Convert your NLP text dataset to arrays!

https://travis-ci.org/kmkurn/text2array.svg?branch=master https://coveralls.io/repos/github/kmkurn/text2array/badge.svg?branch=master https://cdn.rawgit.com/syl20bnr/spacemacs/442d025779da2f62fc86c2082703697714db6514/assets/spacemacs-badge.svg

text2array helps you process your NLP text dataset into Numpy ndarray objects that are ready to use for e.g. neural network inputs. text2array handles data shuffling, batching, padding, and converting into arrays. Say goodbye to these tedious works!

Installation

text2array requires at least Python 3.6 and can be installed via pip:

$ pip install text2array

Overview

>>> from text2array import Dataset, Vocab
>>>
>>> samples = [
...   {'ws': ['john', 'talks']},
...   {'ws': ['john', 'loves', 'mary']},
...   {'ws': ['mary']}
... ]
>>>
>>> # Create a Dataset
>>> dataset = Dataset(samples)
>>> len(dataset)
3
>>> dataset[1]
{'ws': ['john', 'loves', 'mary']}
>>>
>>> # Create a Vocab
>>> vocab = Vocab.from_samples(dataset)
>>> list(vocab['ws'])
['<pad>', '<unk>', 'john', 'mary']
>>> # 'talks' and 'loves' are out-of-vocabulary because they occur only once
>>> 'john' in vocab['ws']
True
>>> vocab['ws']['john']
2
>>> 'talks' in vocab['ws']
False
>>> vocab['ws']['talks']  # unknown word is mapped to '<unk>'
1
>>>
>>> # Applying vocab to the dataset
>>> list(dataset)
[{'ws': ['john', 'talks']}, {'ws': ['john', 'loves', 'mary']}, {'ws': ['mary']}]
>>> dataset.apply_vocab(vocab)
>>> list(dataset)
[{'ws': [2, 1]}, {'ws': [2, 1, 3]}, {'ws': [3]}]
>>>
>>> # Shuffle, create batches of size 2, convert to array
>>> batches = dataset.shuffle().batch(2)
>>> batch = next(batches)
>>> arr = batch.to_array()
>>> arr['ws']
array([[3, 0, 0],
       [2, 1, 3]])
>>> batch = next(batches)
>>> arr = batch.to_array()
>>> arr['ws']
array([[2, 1]])

Tutorial

Sample

Sample is just a Mapping[FieldName, FieldValue], where FieldName = str and FieldValue = Union[float, int, str, Sequence['FieldValue']. It is easiest to use a dict to represent a sample, but you can essentially use any object you like as long as it implements Mapping[FieldName, FieldValue] (which can be ensured by subclassing from this type).

Dataset

There are actually 2 classes for a dataset. Dataset is what you would normally use. It implements Sequence[Sample] so it requires all the samples to fit in the memory. To create a Dataset object, pass an object of type Sequence[Sample] as an argument.

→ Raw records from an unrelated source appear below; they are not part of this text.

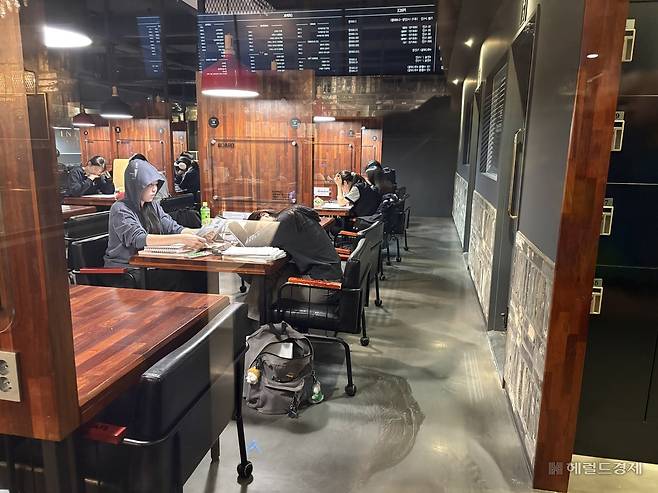 오후 10시30분께 강남구 대치동의 한 스터디카페가 학생들로 가득 찬 모습. 정주원 기자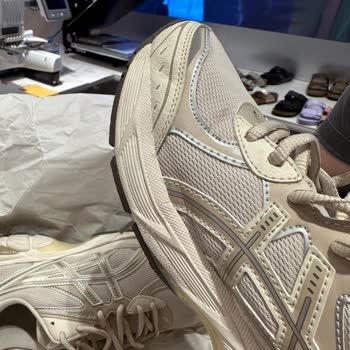 Sneaks Up Ve Asics Ayakkabı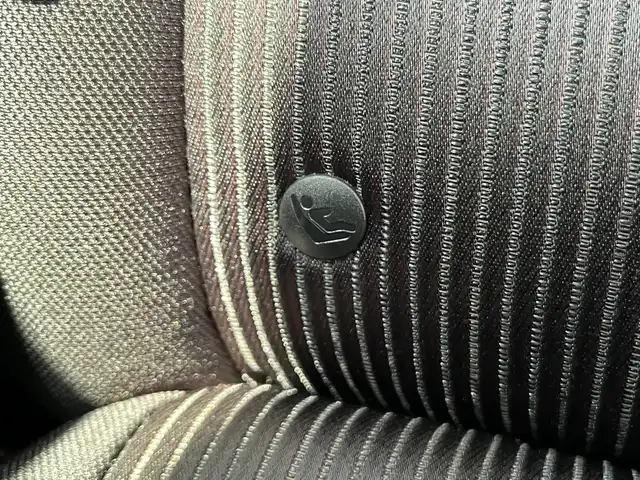 日産 セレナ ハイウェイスター 栃木県 2016(平28)年 13.9万km ダイヤモンドブラック (株)IDOMが運営する【じしゃロン宇都宮店】の自社ローン専用車両になります。こちらは現金またはオートローンご利用時の価格です。自社ローンご希望の方は別途その旨お申付け下さい/禁煙車/純正ＳＤナビ/アラウンドビューモニター/Ｂｌｕｅｔｏｏｔｈ接続/ＣＤ／ＤＶＤ/ＥＴＣ/両側パワースライドドア/コーナーセンサー/プッシュスタート/サンシェード/クルーズコントロール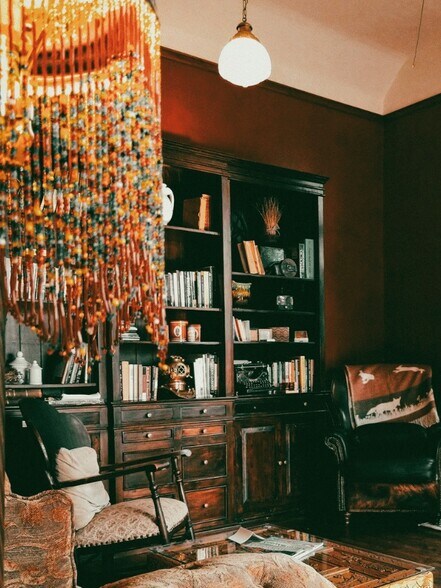 More Photos Of 40 SE Heimrich St, Dufur Hotel For Sale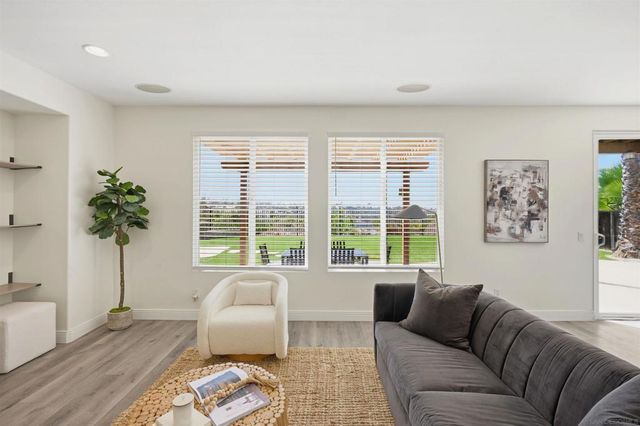 402 Corte Calypso, Chula Vista, CA 91914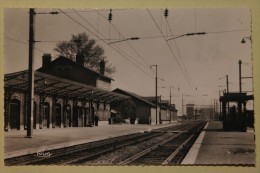 CPSM Petit Format Haubourdin La Gare - LE08 - Haubourdin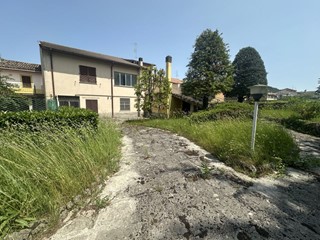 Villa in Vendita a Civitella del Tronto, 160'000€, 300 m²
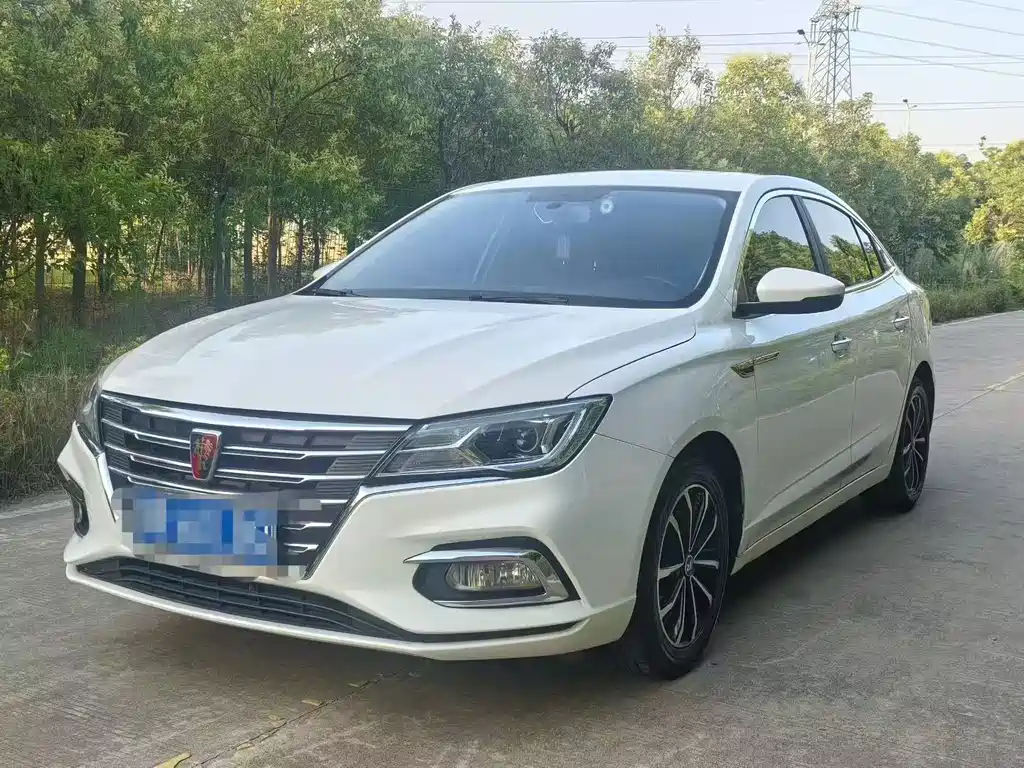 Roewe i5 2021 — фото 1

>>> from text2array import Dataset
>>> samples = [
...   {'ws': ['john', 'talks']},
...   {'ws': ['john', 'loves', 'mary']},
...   {'ws': ['mary']}
... ]
>>>
>>> # Create a Dataset
>>> dataset = Dataset(samples)
>>> len(dataset)
3
>>> dataset[1]
{'ws': ['john', 'loves', 'mary']}

If the samples can’t fit in the memory, use StreamDataset instead. It implements Iterable[Sample] and streams the samples one by one, only when iterated over. To instantiate, pass an Iterable[Sample] object.

>>> from text2array import StreamDataset
>>> samples = [
...   {'ws': ['john', 'talks']},
...   {'ws': ['john', 'loves', 'mary']},
...   {'ws': ['mary']}
... ]
>>> class Stream:
...   def __init__(self, seq):
...     self.seq = seq
...   def __iter__(self):
...     return iter(self.seq)
...
>>> dataset = StreamDataset(Stream(samples))  # simulate a stream of samples
>>> list(dataset)
[{'ws': ['john', 'talks']}, {'ws': ['john', 'loves', 'mary']}, {'ws': ['mary']}]

Because StreamDataset is an iterable, you can’t ask for its length nor access by index, but it can be iterated over.

Shuffling dataset

StreamDataset cannot be shuffled because shuffling requires all the elements to be accessible by index. So, only Dataset can be shuffled. There are 2 ways to shuffle. First, using shuffle method, which shuffles the dataset randomly without any constraints. Second, using shuffle_by which accepts a Callable[[Sample], int] and use that to shuffle by performing a noisy sorting.

>>> from text2array import Dataset
>>> samples = [
...   {'ws': ['john', 'talks']},
...   {'ws': ['john', 'loves', 'mary']},
...   {'ws': ['mary']}
... ]
>>> dataset = Dataset(samples)
>>> dataset.shuffle_by(lambda s: len(s['ws']))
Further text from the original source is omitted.